The goodness of World War II resides partly in the unambiguous justness of the Allies' central goal, the deliverance from totalitarian evil of a sizable portion of the world. It resides partly in the unambiguous necessity, by the time the United States had become an official belligerent, of global war as the instrument of such deliverance.

Goodness resides, too, in the shared sacrifice that enabled the people of the Allied nations to win the war. And it resides in the heroism of those who paid their lives to reverse the totalitarian tide.

Among them are not only the troops who died in the first hours of D-Day but also those killed in the hard fighting of subsequent weeks. Not only those Americans killed in the liberation of France but also those in the Pacific theater, in North Africa, in the occupation of the Italian peninsula, in all the other places where U.S. troops fought and died. Not only Americans but also America's wartime allies - including, in tragic irony, the millions of Soviet citizens whose sacrifices helped defend an ideal of freedom that had been, and for years would be, denied them. Even to later generations accustomed to global marketplaces and moonwalks, the scope of World War II is hard to grasp.

Yet D-Day remains as important a chapter in the war as any, and its memory a half-century later continues to carry extraordinary power for Western Virginians. In the hardest of the fighting, on Omaha Beach, was the 29th Division's 116th Infantry Regiment - former National Guard units whose members, unlike those of Regular Army units, came not from all over the country but from the mountain-valley and piedmont regions of the Old Dominion. The regiment's Bedford-based Company A was in the first wave of the assault. Of the company's 200 men, nearly half lay dead by the end of the day; of the survivors, only 15 were unwounded.

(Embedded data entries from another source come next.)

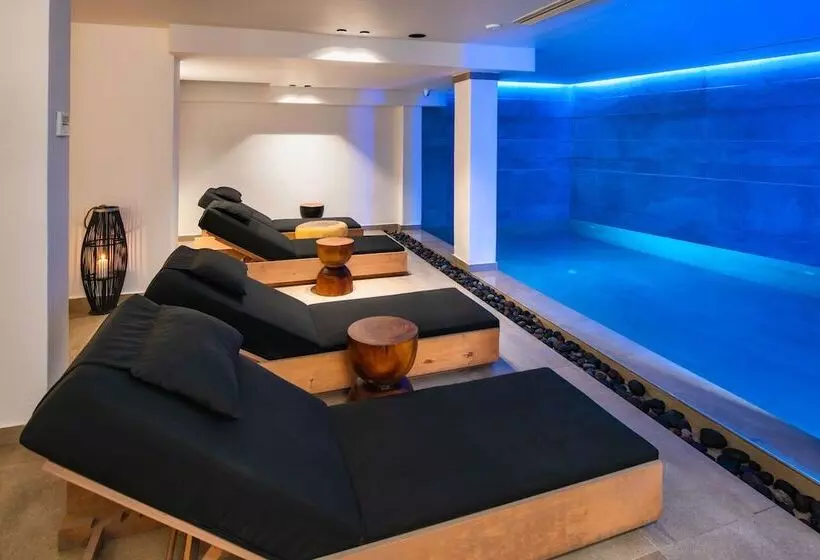 هتل Uma Ray Suites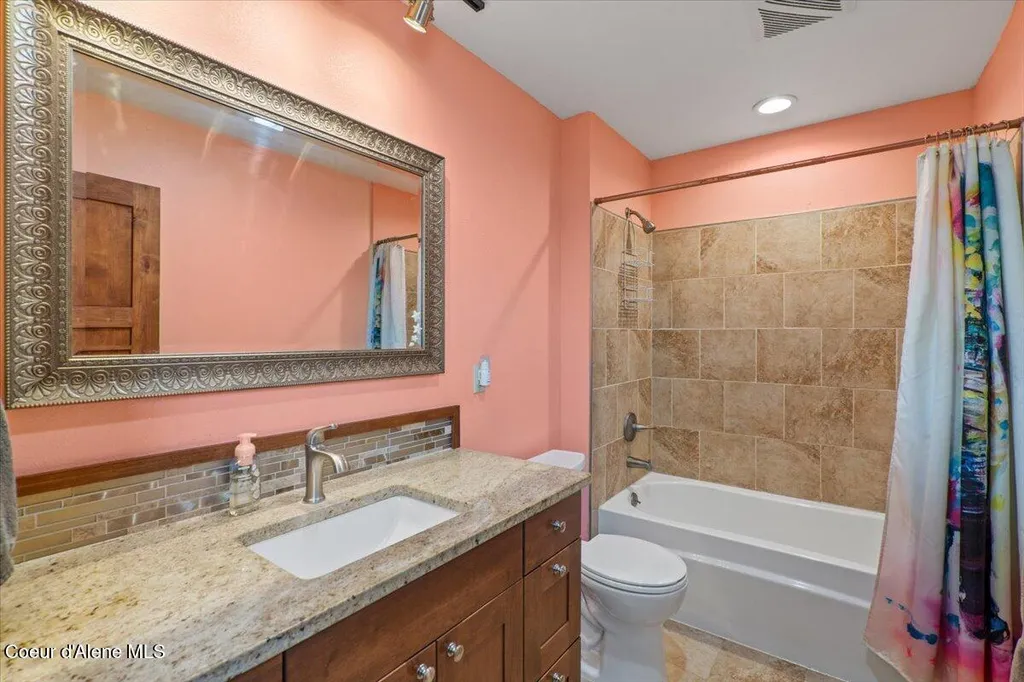 2238 E Blaine Street Athol ID 83801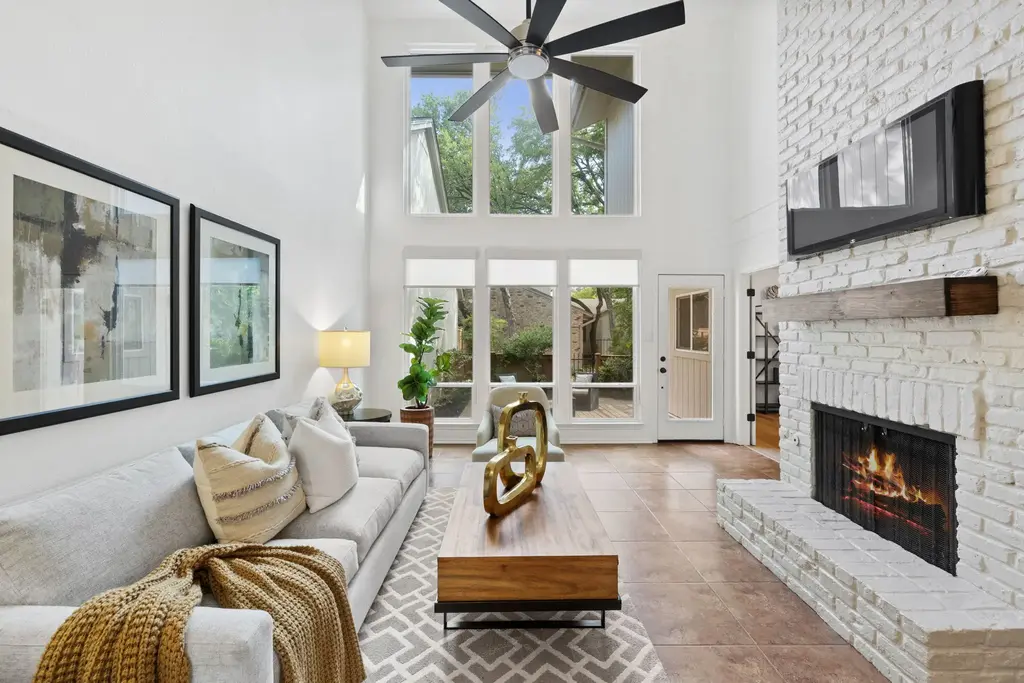 8346 Summerwood Drive, Austin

Such an experience suggests a fundamental distinction: To remember the rightness of the cause and to honor the heroic response to the threat to freedom is not to assert the goodness that such a demand had to be made.

Let philosophers and theologians debate the nature of evil and the imperfectibility of man. Let historians debate their watersheds and turning points; social scientists their motivations and behavior. Surely it requires little debate to see that the necessity for a D-Day did not arise in a vacuum, any more than world wars arise in vacuums.

Scarcely 25 years before D-Day, an armistice had been signed to end the great war that was supposed to have ended all wars. It hadn't, of course.

With such policies as the Marshall Plan for Western Europe, the reconstruction of Japan and the containment of Soviet imperialism, America's World War II generation was determined that history would not repeat itself. That generation's greatness is marked not just by its fighting and winning a "good" war - but also by its making and keeping a postwar peace that lasted, albeit uneasily and imperfectly, to the end of its watch.

That heroes were on hand on the day the need for them arose was to the Allies' good fortune and great credit. Even better is the day when the need for wartime heroics is ended.